Qui plus est, les Etats-Unis semblent apporter leur soutien à la manœuvre israélienne ; le porte-parole du Département d’Etat, Philip Crowley, déclare à des reporters que la décision concernant Beitar Illit "ne viole pas le moratoire annoncé par les Israéliens", avant de concéder que "les deux parties doivent manier ces sujets avec une très grande précaution au moment où ont lieu les discussions parallèles".

On imagine aisément que Benyamin Netanyahu puisse avoir été surpris par la virulence de la réaction américaine, ainsi que par celle de l’UE, des Nations Unies et de hauts fonctionnaires internationaux – qui n’ont fait entendre leurs "vives" critiques qu’après avoir obtenu le feu vert des Etats-Unis. En effet, jusqu’ici, aucun d’entre eux ne s’était beaucoup soucié de l’expansion des colonies. Pourquoi ce cas les intéressait-il tant ? Pourquoi à ce moment ? Somme toute, Israël n’a jamais parlé de geler la construction d’implantations dans le "Grand Jérusalem" !

M. Netanyahu a beau nier qu’il était au courant du projet avant son annonce, il s’agissait manifestement d’un message d’Israël aux acteurs du processus de paix, afin de préciser certaines choses. Premièrement, que la reprise des négociations ne ralentirait pas la colonisation des territoires occupés. Deuxièmement, que la définition de Jérusalem donnée par Israël ne saurait faire l’objet d’aucune négociation. Troisièmement, que M. Netanyahu n’a pas besoin des négociations, qui ne lui servent qu’à occulter la colonisation ; il peut se permettre de risquer qu’elles périclitent puisque la réaction des Etats-Unis ne dépassera pas, dans le pire des cas, la remontrance verbale.

M. Netanyahu a tout de même reconnu qu’annoncer une implantation majeure alors que M. Biden était justement en visite afin de réitérer le soutien américain à Israël était une erreur stratégique. Mais une erreur de timing uniquement. Sur le fond, il persiste. En effet, les violentes critiques américaines qui ont plu tout le week-end ne l’ont pas empêché d’annoncer lundi [15 mars NDLR], que les chantiers continueraient à être menés à Jérusalem et dans le reste de la Cisjordanie comme ils l’ont été au cours des 43 dernières années. Depuis 1967, les colonies et leur réseau d’infrastructures qui abritent maintenant un demi million de Juifs israéliens ont accaparé plus de 46% de cette région.

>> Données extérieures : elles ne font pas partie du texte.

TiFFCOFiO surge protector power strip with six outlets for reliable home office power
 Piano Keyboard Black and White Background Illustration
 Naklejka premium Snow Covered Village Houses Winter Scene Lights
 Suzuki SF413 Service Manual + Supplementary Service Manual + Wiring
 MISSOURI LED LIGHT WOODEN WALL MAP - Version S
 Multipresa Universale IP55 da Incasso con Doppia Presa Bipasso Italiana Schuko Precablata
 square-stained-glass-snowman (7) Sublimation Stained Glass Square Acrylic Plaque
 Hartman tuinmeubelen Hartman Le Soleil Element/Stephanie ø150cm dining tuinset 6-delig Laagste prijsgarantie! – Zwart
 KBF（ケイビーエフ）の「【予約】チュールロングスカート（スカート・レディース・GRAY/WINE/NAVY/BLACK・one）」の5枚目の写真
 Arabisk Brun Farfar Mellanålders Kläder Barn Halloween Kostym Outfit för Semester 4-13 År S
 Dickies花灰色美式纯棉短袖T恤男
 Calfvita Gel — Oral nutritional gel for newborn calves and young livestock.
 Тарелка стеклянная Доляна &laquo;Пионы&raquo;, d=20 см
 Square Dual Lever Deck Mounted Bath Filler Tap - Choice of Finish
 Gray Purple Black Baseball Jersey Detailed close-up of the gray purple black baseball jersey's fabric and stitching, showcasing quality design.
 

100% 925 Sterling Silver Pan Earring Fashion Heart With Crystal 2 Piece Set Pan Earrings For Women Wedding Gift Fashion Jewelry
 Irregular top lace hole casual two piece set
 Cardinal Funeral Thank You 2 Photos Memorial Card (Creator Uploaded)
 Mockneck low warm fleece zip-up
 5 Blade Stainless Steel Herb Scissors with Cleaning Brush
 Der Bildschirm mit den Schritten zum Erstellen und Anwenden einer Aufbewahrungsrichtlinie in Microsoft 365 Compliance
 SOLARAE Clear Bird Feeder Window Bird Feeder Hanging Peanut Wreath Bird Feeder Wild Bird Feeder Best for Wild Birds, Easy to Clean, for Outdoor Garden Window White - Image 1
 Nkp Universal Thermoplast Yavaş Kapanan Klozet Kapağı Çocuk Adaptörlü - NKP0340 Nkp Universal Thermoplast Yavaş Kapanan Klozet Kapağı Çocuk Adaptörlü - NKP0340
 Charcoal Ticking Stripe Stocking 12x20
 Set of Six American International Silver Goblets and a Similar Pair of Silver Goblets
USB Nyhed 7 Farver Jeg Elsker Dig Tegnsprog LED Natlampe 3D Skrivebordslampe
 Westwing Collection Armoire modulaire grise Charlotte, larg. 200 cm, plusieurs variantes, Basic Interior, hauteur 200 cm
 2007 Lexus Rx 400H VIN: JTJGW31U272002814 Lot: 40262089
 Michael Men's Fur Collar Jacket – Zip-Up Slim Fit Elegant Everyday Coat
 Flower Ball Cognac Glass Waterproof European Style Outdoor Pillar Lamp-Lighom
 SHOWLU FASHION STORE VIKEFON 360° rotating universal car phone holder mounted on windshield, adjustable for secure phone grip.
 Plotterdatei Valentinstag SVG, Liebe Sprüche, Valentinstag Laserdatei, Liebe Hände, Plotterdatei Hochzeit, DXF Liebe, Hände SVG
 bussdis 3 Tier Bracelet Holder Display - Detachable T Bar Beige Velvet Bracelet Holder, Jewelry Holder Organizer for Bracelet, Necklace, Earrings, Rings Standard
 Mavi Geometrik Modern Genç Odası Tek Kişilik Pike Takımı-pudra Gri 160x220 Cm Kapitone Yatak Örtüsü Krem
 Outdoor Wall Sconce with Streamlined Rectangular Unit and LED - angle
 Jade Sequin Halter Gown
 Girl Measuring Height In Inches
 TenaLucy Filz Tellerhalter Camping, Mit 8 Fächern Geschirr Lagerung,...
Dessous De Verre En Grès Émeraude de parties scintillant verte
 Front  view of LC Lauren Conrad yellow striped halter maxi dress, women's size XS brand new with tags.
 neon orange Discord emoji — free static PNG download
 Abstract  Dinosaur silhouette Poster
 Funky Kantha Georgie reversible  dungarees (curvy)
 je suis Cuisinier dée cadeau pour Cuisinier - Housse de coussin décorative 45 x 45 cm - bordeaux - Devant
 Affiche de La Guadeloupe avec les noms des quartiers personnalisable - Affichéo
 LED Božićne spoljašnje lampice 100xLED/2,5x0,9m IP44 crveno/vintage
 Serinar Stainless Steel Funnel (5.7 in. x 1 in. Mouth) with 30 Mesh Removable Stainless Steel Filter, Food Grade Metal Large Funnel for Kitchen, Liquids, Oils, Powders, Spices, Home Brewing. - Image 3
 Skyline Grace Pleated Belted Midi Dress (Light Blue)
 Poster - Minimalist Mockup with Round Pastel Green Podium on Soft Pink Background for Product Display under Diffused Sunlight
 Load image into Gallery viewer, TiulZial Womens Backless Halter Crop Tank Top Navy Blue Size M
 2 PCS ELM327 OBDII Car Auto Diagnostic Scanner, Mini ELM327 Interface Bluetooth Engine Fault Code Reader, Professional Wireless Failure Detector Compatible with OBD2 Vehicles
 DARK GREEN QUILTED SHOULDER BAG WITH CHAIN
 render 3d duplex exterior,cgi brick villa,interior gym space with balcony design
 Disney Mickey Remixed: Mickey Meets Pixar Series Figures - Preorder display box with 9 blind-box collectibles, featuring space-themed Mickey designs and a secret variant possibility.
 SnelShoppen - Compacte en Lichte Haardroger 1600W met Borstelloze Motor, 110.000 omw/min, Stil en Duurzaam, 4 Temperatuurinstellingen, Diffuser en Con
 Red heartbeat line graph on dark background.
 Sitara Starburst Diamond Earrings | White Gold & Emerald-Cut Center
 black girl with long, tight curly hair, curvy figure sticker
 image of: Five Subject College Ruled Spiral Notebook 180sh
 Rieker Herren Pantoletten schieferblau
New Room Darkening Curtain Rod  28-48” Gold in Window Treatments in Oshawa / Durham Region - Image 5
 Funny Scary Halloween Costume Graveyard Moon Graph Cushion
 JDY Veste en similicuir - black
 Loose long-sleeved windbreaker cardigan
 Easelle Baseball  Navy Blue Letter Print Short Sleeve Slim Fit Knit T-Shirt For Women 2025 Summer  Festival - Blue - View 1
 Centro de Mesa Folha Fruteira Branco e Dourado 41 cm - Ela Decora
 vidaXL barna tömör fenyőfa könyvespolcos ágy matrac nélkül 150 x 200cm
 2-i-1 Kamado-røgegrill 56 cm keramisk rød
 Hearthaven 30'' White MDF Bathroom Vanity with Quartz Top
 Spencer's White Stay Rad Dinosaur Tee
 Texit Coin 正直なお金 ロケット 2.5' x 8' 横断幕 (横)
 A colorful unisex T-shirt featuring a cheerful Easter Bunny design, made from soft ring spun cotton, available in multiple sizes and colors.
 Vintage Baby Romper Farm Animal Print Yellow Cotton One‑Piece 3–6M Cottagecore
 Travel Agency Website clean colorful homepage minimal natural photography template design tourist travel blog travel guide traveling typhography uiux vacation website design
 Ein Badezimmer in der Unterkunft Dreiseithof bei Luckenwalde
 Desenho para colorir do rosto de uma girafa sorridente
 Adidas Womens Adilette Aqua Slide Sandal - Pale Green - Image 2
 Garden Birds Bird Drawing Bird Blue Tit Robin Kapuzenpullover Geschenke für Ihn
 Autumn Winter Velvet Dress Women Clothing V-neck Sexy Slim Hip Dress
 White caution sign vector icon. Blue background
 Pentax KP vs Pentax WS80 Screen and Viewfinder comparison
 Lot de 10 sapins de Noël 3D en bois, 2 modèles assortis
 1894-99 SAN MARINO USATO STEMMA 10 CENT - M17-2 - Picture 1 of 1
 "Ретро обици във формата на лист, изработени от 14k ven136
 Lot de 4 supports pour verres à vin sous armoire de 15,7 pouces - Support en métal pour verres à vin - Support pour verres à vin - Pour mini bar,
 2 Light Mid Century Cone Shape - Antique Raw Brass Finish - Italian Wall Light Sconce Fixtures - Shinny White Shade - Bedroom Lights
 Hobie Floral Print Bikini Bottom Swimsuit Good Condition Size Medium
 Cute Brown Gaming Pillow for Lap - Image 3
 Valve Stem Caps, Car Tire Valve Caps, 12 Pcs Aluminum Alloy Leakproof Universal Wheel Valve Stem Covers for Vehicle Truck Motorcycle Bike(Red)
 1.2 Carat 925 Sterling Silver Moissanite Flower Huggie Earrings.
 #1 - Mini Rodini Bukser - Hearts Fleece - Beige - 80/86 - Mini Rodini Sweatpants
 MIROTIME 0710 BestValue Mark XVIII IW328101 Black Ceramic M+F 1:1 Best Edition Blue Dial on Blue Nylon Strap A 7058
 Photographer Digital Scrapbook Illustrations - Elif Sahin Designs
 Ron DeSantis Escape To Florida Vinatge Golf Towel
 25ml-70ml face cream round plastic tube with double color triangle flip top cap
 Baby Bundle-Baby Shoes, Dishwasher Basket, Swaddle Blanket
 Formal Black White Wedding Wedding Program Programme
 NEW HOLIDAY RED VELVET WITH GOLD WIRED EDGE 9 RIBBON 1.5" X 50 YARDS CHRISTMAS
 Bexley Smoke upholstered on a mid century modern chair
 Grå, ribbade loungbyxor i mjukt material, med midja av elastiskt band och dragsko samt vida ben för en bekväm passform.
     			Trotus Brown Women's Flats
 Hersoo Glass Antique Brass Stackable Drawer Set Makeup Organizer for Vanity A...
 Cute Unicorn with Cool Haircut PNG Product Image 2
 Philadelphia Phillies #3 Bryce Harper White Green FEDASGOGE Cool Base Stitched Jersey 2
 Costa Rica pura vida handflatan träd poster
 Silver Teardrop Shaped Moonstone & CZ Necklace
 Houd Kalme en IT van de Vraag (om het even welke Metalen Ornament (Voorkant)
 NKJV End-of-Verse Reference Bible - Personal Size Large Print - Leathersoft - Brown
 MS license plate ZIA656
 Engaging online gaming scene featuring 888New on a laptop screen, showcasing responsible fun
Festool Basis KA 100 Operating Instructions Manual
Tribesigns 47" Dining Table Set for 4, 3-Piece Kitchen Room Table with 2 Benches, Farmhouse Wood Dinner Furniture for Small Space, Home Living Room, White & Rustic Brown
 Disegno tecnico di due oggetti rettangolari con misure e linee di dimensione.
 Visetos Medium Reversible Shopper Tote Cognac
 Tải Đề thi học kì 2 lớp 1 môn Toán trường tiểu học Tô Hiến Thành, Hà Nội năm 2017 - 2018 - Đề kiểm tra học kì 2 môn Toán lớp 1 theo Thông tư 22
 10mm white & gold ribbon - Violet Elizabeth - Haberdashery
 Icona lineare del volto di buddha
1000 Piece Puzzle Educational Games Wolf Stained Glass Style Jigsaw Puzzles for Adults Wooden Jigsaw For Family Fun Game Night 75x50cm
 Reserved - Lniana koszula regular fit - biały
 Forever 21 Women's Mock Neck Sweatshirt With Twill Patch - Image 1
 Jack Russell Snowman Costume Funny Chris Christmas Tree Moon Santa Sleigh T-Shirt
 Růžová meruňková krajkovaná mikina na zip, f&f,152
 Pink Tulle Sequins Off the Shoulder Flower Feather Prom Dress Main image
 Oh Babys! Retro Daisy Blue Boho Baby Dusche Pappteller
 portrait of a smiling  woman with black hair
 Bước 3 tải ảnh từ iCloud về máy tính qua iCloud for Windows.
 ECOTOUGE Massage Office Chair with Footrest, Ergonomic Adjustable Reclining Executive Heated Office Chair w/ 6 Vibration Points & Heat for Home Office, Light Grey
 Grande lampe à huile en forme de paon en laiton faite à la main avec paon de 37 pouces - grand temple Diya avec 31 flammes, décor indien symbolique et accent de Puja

Pendant toutes ces années de colonisation doublée d’agressions, de confiscations de territoires, de nettoyages ethniques et de déplacements de population, la communauté internationale n’a guère exprimé sa réprobation à l’encontre d’Israël, si ce n’est dans d’occasionnelles déclarations sans portée, avant de s’en retourner à ses occupations habituelles.

L’Organisation de libération palestinienne puis l’Autorité palestinienne ont passé des années à négocier avec Israël et à signer des accords pendant que la terre était colonisée ouvertement et le peuple palestinien persécuté en permanence et déraciné insidieusement. Les pays arabes aussi ont négocié puis signé des traités de paix, sans pour autant que l’occupation se modère ou que la construction de colonies ralentisse.

Après 43 ans d’occupation et de colonisation ininterrompues passés sans que la communauté internationale ne sorte de son mutisme meurtrier et lâche, pourquoi un tel ramdam à propos de 1600 nouveau logements ? Ce projet n’est ni le premier, ni le dernier. D’ailleurs, les Etats-Unis s’insurgent haut et fort, mais ils n’ont pas insisté pour qu’Israël annule le projet. Jamais ils n’oseraient. D’ici quelques jours, ils feront pression sur l’Autorité palestinienne pour qu’elle retourne à des négociations futiles, et les implantations se poursuivront.

Vous souvenez-vous de Jabal Abu Ghneim, la colline boisée non loin de Bethlehem, que M. Netanyahu avait décidé d’urbaniser dans les années 1990 en dépit des objections émises par les Etats-Unis et la communauté internationale américaines, qui prévenaient que cette entreprise "détruirait le processus de paix" ? Aujourd’hui, il ne reste pas un arbre ; on ne trouve que des immeubles à appartements israéliens. Quant au "processus de paix", cette mascarade, cette supercherie, il suit son cours comme si rien ne s’était passé. La crise actuellement mise en scène va elle aussi s’apaiser et la colonisation continuera implacablement sa progression.